The experience of that strip mall location starts before you even walk in the door when you’re navigating a fire lane that is absolutely chock-a-block full of people illegally parking in it and sitting there with their cars idling because they’re too lazy and feckless and just can’t be bothered to turn themselves 90 degrees and avail themselves of AMPLE PARKING mere meters away!
Raleigh PD could make an absolute fortune setting up a few rozzers to point these miscreants toward the car park where they can be issued rather pricey tickets for violating the fire lane regulations. There was precious little of the frontage of this strip mall that didn’t have someone parked up in the fire lane!
I grab a trolley from the car park that someone didn’t bother returning to where they belong and quickly go to get the few items I needed including one that was advertised with a big yellow sign indicating a two-for-one deal with the MVP loyalty card.
Score!
Or so I thought when I got to the checkout queue and encountered a cashier that I truly wondered if he’d gone out and smoked a blunt whilst on break. Everything he did was in slow motion and then he gets to the items on sale and the wrong pricing comes up on the screen.
When I point this out to him, he grabs one of the items and then heads off to the frozen section from whence it came.
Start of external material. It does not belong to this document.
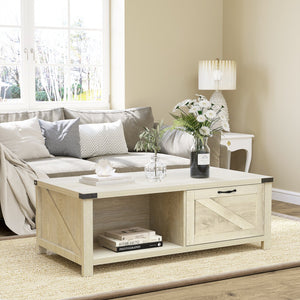 English Elm HOMCOM Farmhouse Coffee Table with Flip Lift Top and Hidden Storage, Square Center Table, Rustic Charm Natural W2225P217452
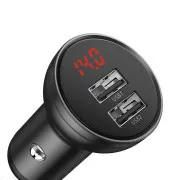 Baseus duálny USB adaptér do automobilu s displejom 4, 8A 24W, sivá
Mind you, what passed for alacrity and an appreciation of time being of the essence with him was such that Flash the Sloth from “Zootopia” could have outrun this character.
He eventually returns to the till and asks me if I’d put a coupon on their app or went to their little coupon kiosk near the front door.
I honestly didn’t realise that you apparently had to do this which explains why I’d been overcharged on those same items two days prior at my “favourite Food Lion” when I went through the self-checkout kiosk.
I’ll give the guy credit…he at least honoured the deal without too much fuss and let me go on my way to decide if I want their app on my phone at a later time. But the way he did it was rather comical and he ended up taking more off the bill than he should have but it ultimately ended up squaring things from that previous visit where I’d been overcharged so I figured I’d just leave it at that and head on home.
But this begs the question of why in the hell Food Lion would segregate the coupon deals in this way.
I can certainly understand them wanting to drive customers to adopt digital shopping carts so their purchasing is easily tracked (which the credit card companies already do with a lot of out-of-band data that’s transmitted to the card issuer/processors along with the card payment details).
The registers/kiosks ought to be intelligent enough to know to apply the coupon regardless of the MVP being a physical card that is scanned, or an app, or whatever.
The resulting confusion and potential for conflict and customer dissatisfaction at checkout can’t possibly be more valuable than whatever presumed benefits by forcing some deals to be digital-only will provide.
Or at least that’s what Tom Smith would likely say if he were still with us. You could be a complete screwup in every other facet of the grocery business but he’d often treat that as an opportunity for learning and growth.
What would get him to fire you quicker than anything else was to treat the customer like dirt and he wouldn’t think twice about it.
The young kids who seem to be running the place now might want to think about that especially now that Publix and Wegman’s are now building out their footprint in Raleigh.